## The data:
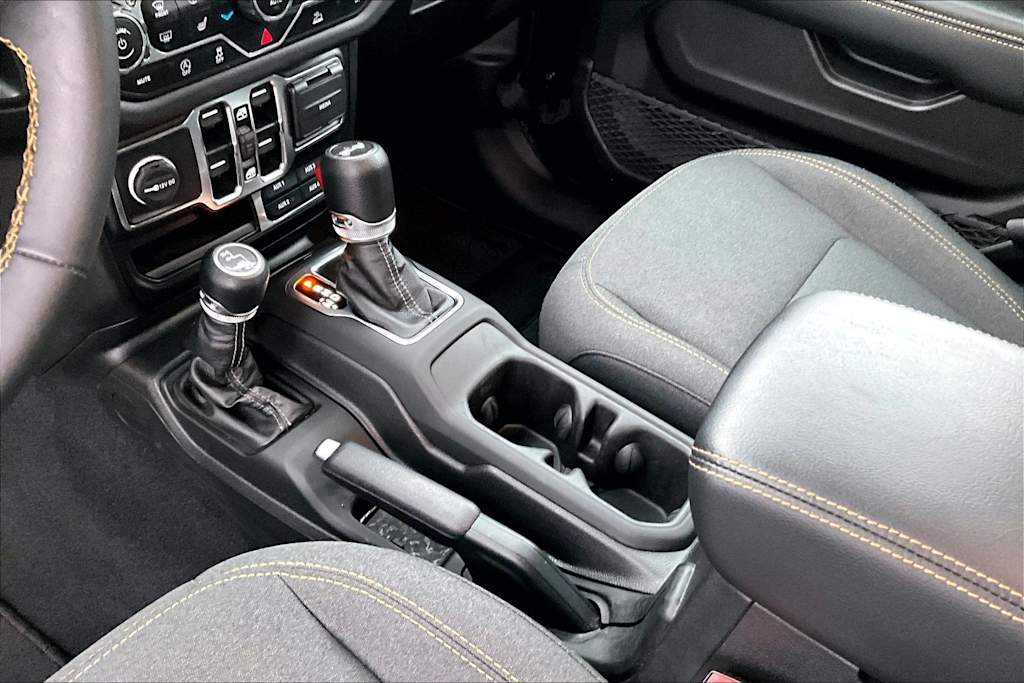 Thumbnail: 2024 Jeep Wrangler - 16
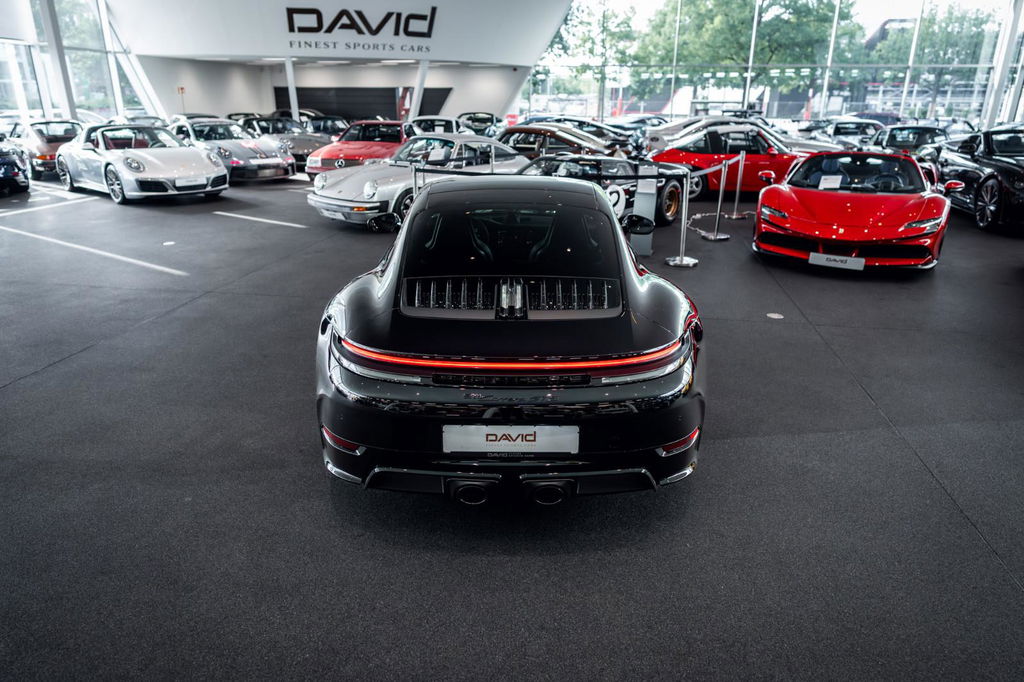 Porsche 992.2 Carrera GTS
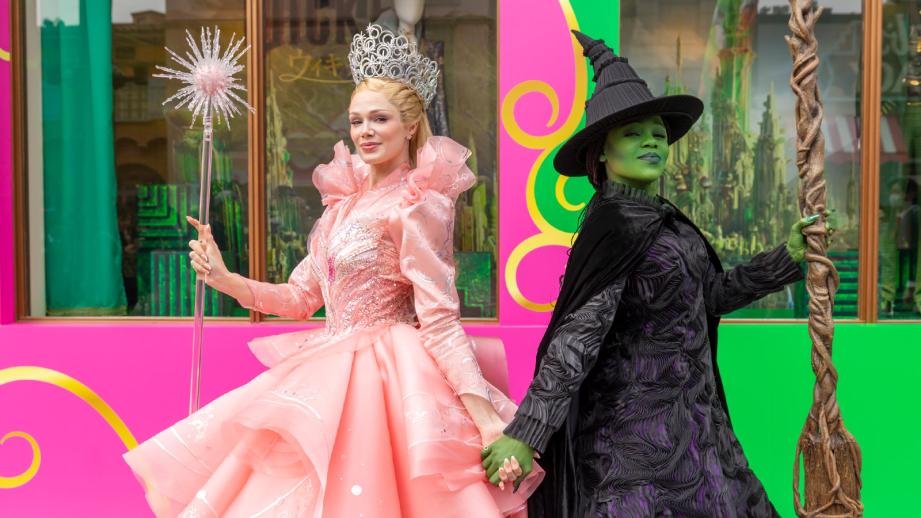 USJで映画『ウィキッド』のグリーティングや衣装展示を3/7から開催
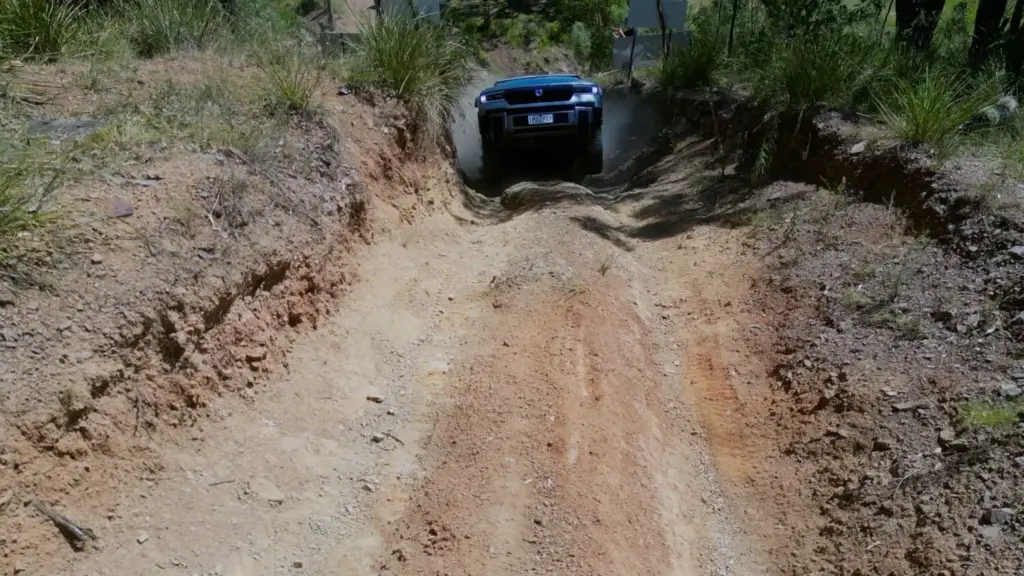Los Denza B5 y B8 conquistan Beer O’Clock Hill, la colina más temida de Australia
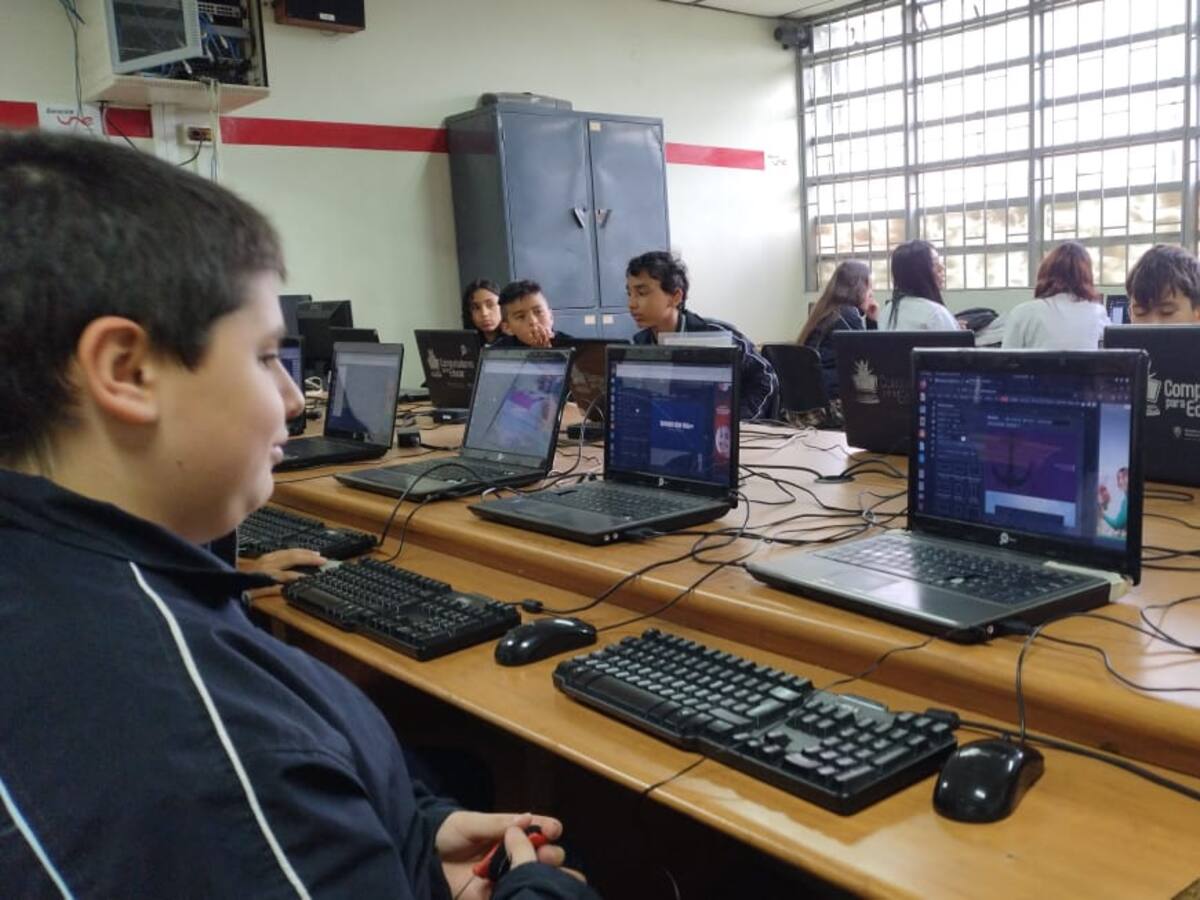 Polémica en colegios de Manizales por el uso de celulares en aulas de clase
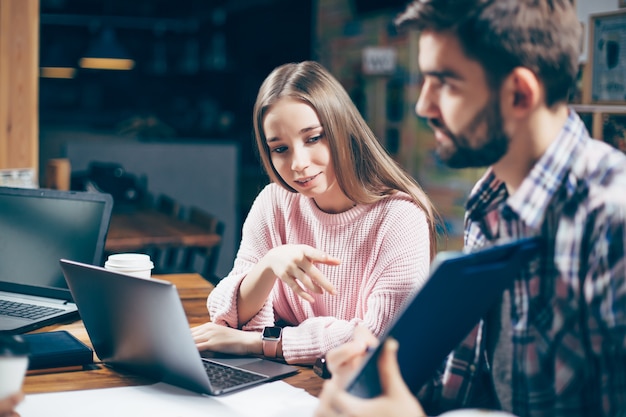 Jovens criativos trabalhando em um projeto de negócios juntos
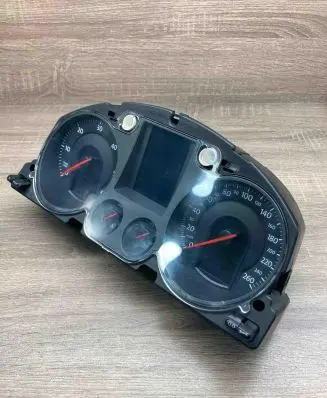 Volkswagen PASSAT B6 Speedometer (instrument cluster) 3C0920870G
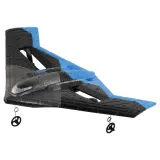 Widok z boku na niebiesko-czarny samolot zdalnie sterowany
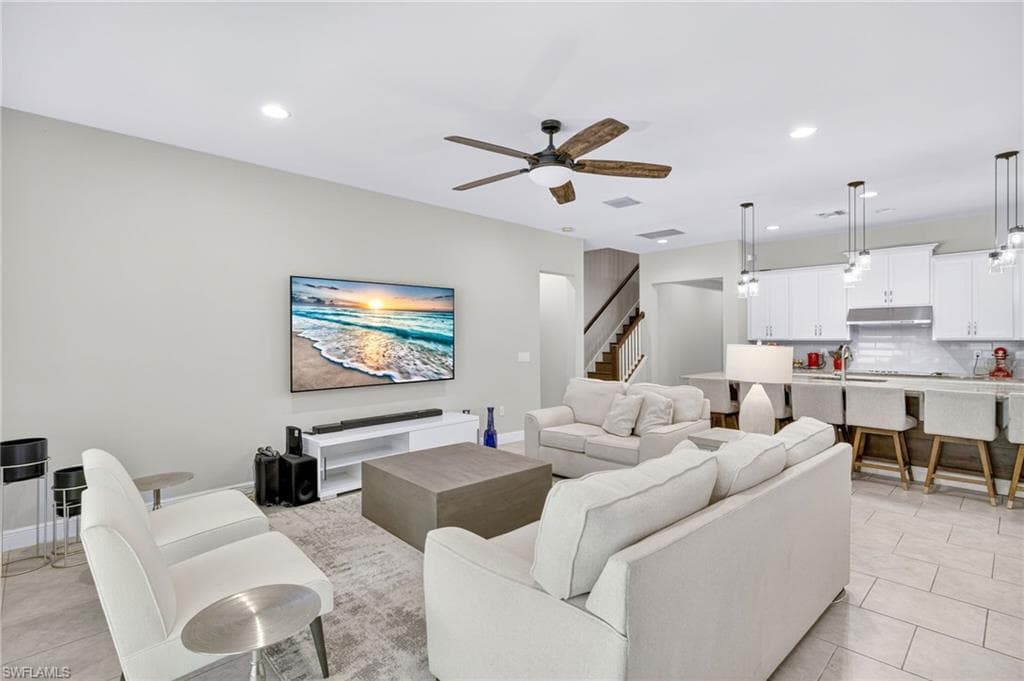 3604 Pilot CIR, NAPLES FL 34120-6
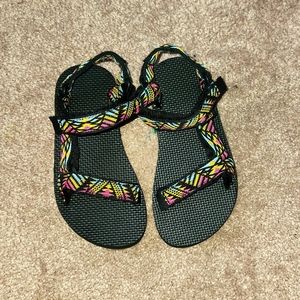 NWOT Teva Size 13 kids Multicolor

## Exercise:
In the printed copy, the material above must appear unchanged and without its pictures.

## Exercise solution:
 Thumbnail: 2024 Jeep Wrangler - 16
 Porsche 992.2 Carrera GTS
 USJで映画『ウィキッド』のグリーティングや衣装展示を3/7から開催
Los Denza B5 y B8 conquistan Beer O’Clock Hill, la colina más temida de Australia
 Polémica en colegios de Manizales por el uso de celulares en aulas de clase
 Jovens criativos trabalhando em um projeto de negócios juntos
 Volkswagen PASSAT B6 Speedometer (instrument cluster) 3C0920870G
 Widok z boku na niebiesko-czarny samolot zdalnie sterowany
 3604 Pilot CIR, NAPLES FL 34120-6
 NWOT Teva Size 13 kids Multicolor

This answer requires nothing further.